Promising Outcomes of Original Grant:
Although the role of alpha-synuclein, the sticky protein that clumps in the cells of people with Parkinson's disease (PD), is not entirely clear, it is believed to control the release of dopamine at synapses, the points of contact between the neural cells. This requires the assistance of another protein, synapsin III (Syn III). We have previously shown that the presence of Syn III is necessary for alpha-synuclein clumping and the associated death of brain cells. These findings prove that Syn III may hold great promise as a novel therapeutic target in Parkinson's disease.
Objectives for Supplemental Investigation:
Researchers currently believe that alpha-synuclein clumps damage and ultimately kill dopamine-producing brain cells, prompting motor symptoms of PD. We aim to evaluate whether reducing the amount of Syn III in the brain can revert alpha-synuclein clumping and halt or delay cell damage and motor symptoms.
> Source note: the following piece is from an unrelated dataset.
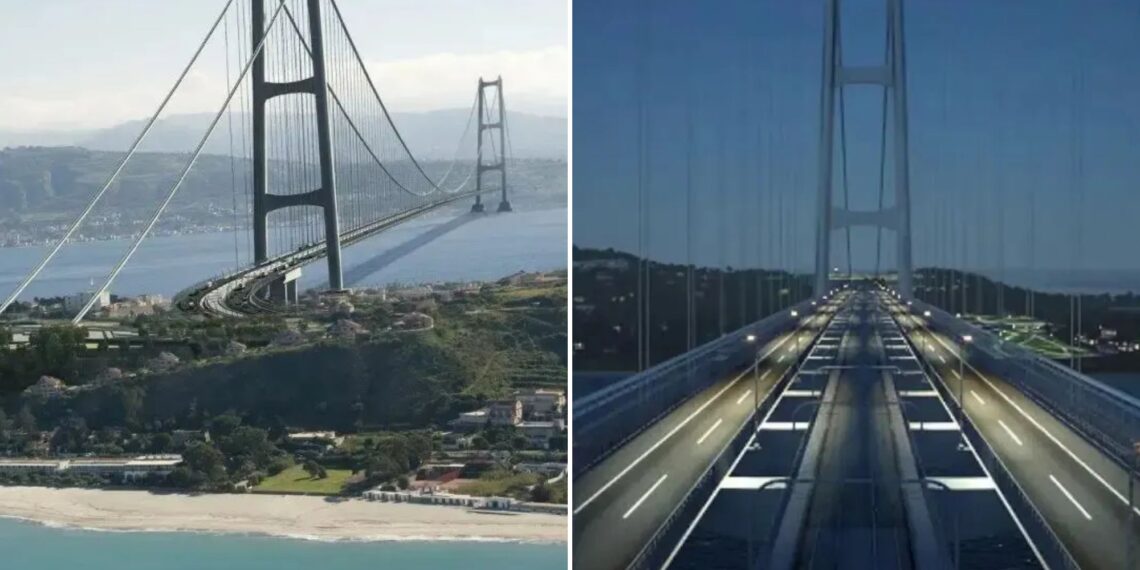 Un collage de imágenes que contiene 2 imágenes, la Imagen 1 muestra una vista aérea del puente del Estrecho de Messina, la Imagen 2 muestra una vista nocturna del puente del Estrecho de Messina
Importance of this Research for the Development of a New PD Therapy:
Although alpha-synuclein plays a crucial role in PD, little is known about the factors controlling its clumping. For this reason, effective therapeutic strategies targeting alpha-synuclein clumping are missing. This study will reveal whether Syn III, with its ability to promote alpha-synuclein clumping, represents a novel therapeutic target in Parkinson's disease.